# ISO ideas for red currants



## jonnyjonny_uk (Aug 2, 2009)

Hi all,

I've just come back from a weekend at the summer house here in Mosow and managed to stumble upon a huge redcurrant bush so now I'm armed with some lovely bright redcurrants and not sure what to do with them. Now I'm thinking some kind of jelly/sauce to with some pan seared pork steaks would be nice but looking for some ideas please.

Thanks

John


----------



## Constance (Aug 2, 2009)

I would suggest you make some red currant jelly, as it can be the start of several good sauces. 
Mix with mustard, stir and simmer over low heat until jelly melts and use with pork or sausages. 
Mix with sweet chili sauce (Heinz or similar) and simmer as above, for a great sweet/sour sauce for meatballs. 

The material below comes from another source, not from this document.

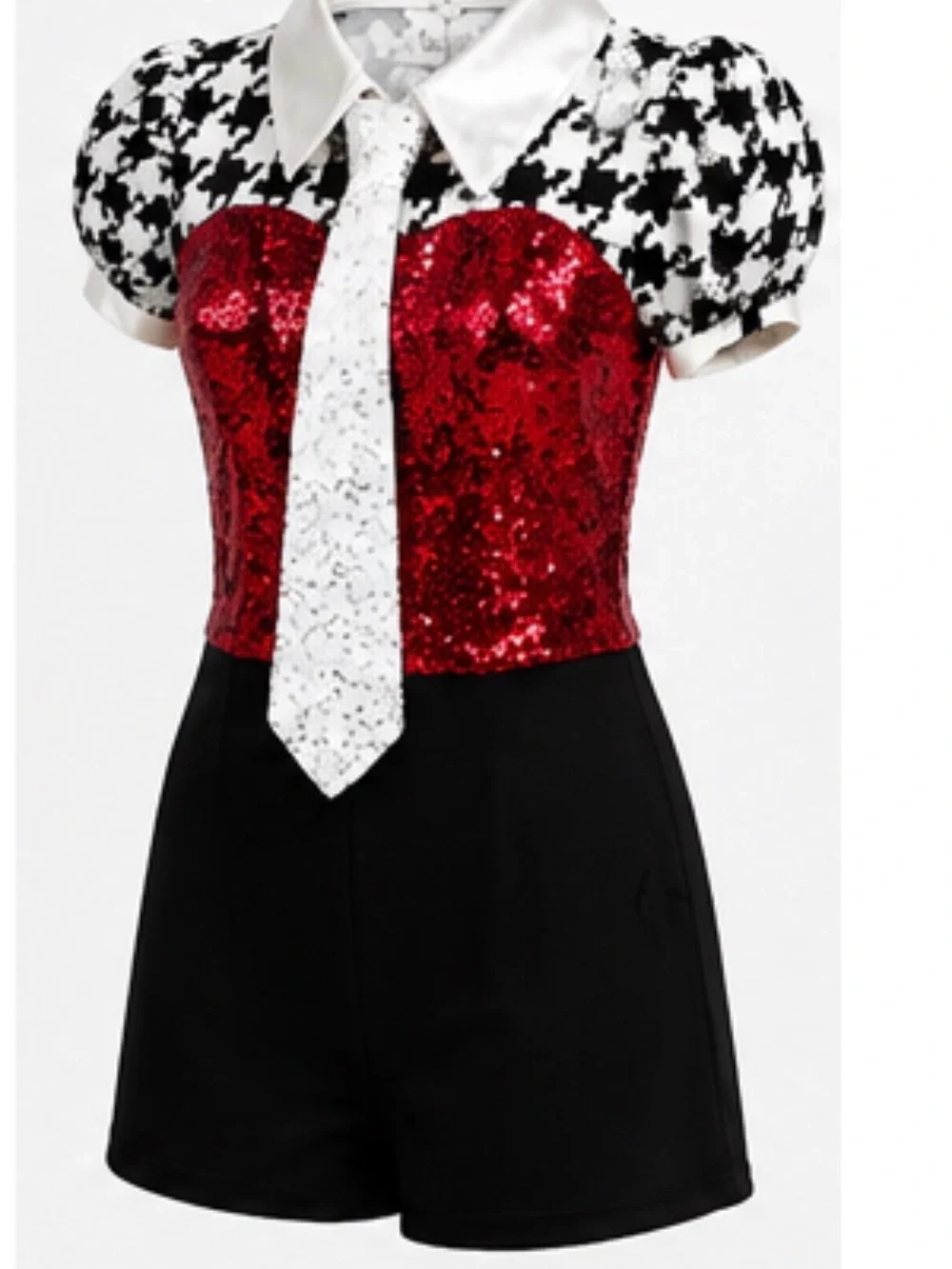 3 Red Sequin Competition Stage Dance Costume Bundle CXL/AXS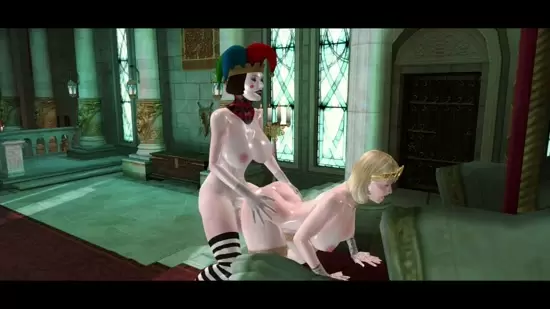 The queen's futanari clown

If you dry some of the currants, they are also delicious baked in muffins, pastries or cookies. They are especially good with apples and peaches.


----------



## Wyogal (Aug 2, 2009)

I also vote for jelly. Not only is is great as is, but like Constance said, it is great base for sauces. Use it melted with a balsamic reduction and it would be great with your pork.


----------



## CharlieD (Aug 3, 2009)

Jelly it is. Indeed it would be wonderful. Plus it's grat freash, and then also wonderful fruit drink, kompot. Anyway you turn it's yumy.


----------



## jonnyjonny_uk (Aug 3, 2009)

Thanks everyone for your replies 

I just made a little redcurrant salsa to sit on top of my griddled pork steaks which was very tasty and would like to make a jelly from the rest of the redecurrants but can you advise me on a good recipe for the jelly as I've never made one before?

Thanks


----------



## Wyogal (Aug 3, 2009)

You can find links to the Ball canning website here, probably do a search.
I just follow the recipe in the pectin box.


----------